En outre les fidèles sont sans cesse mis en garde contre les contacts avec les étrangers, qui sont en général des espions sous couvert de la religion, et qu’il faut dénoncer. Par ailleurs, comme le signale « Frère David » dans « Le contrebandier en Chine », la liberté de prédication des pasteurs est limitée par les autorités. Il existe en effet toute une série de sujets qu’ils doivent éviter : la dîme (cela affecterait l’économie), le jour du repos (cela affecterait la production), les guérisons et exorcismes, les mariages entre chrétiens et non-chrétiens, la seconde venue du Christ (cela pourrait saper les efforts du peuple en vue des « quatre modernisations »).
Selon la « Mission Slave » (Suède) il serait également interdit de prêcher sur les livres de la Genèse, de Daniel et de l’Apocalypse. Et le contenu de certaines prédications ne manque pas d’étonner. C’est ainsi qu’en 1982, dans un culte célébré dans une Église officielle, le pasteur commenta ainsi le « Notre Père » : « Donne-nous aujourd’hui notre pain quotidien » fut pour lui l’occasion d’exprimer sa reconnaissance au parti communiste qui fournissait à tous leur pain quotidien, et de manifester son inquiétude pour les habitants des pays capitalistes, que l’on prive de ce pain ! « Ne nous soumets pas à la tentation » l’entraîna à mettre en garde les fidèles contre les influences exercées depuis l’étranger afin de « créer la division au sein de l’Église de Chine » !
Répression depuis 1981
Le « dégel » survenu après la mort de Mao fut en fait de courte durée, car un document confidentiel du Parti, envoyé en mars 1981 à toutes les instances de celui-ci, précisait que le but à atteindre était que « la religion disparaisse, conformément à l’ordre naturel des choses ». Pour cette raison toutes les activités religieuses doivent être soumises au contrôle du Parti et du gouvernement. Contrôle qui concerne notamment toutes les « organisations religieuses patriotiques » (donc les Églises de la « Triple Indépendance ».) Ce document montrait qu’en Chine la notion de liberté religieuse excluait toute liberté d’annoncer l’Évangile ouvertement, et il interdisait aux organisations religieuses, et aux croyants pas isolément, de prêcher, ou même de parler de Dieu, en dehors des églises et temple. De ce fait, les Églises de maison, tolérées jusqu’ici, perdaient tout droit à l’existence : « En principe elles ne doivent pas être autorisées. » Il fallait donc mettre fin à leur existence, et pour cela « les membres des organisations religieuses patriotiques doivent persuader les masses religieuses », de sorte que « l’on puisse prendre d’autres dispositions convenables. »
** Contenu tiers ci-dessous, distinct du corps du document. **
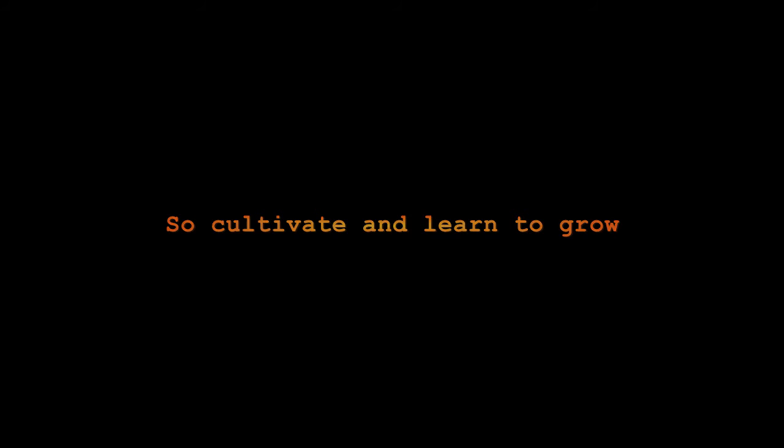Cause you were born with everything you need. You were given everything to succeed. So cultivate and learn to grow. You will learn what you need to know.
On devait bien vite voir ce qu’il en était de cette « persuasion » et de ces « dispositions convenables. » Comme il était impossible de faire disparaître du jour au lendemain ces Églises de maison, ou de les intégrer de suite dans la « Triple Indépendance », on les « persuada » au moyen de pressions sans cesse croissantes. En 1981, on leur imposa diverses restrictions : interdiction de prêcher devant des jeunes de moins de 18 ans, interdiction d’aller prêcher l’Évangile de village en village (tout prédicateur itinérant apparaissant dans une localité devait être arrête), interdiction de recevoir des Bibles de l’étranger et d’écouter à la radio des émissions chrétiennes.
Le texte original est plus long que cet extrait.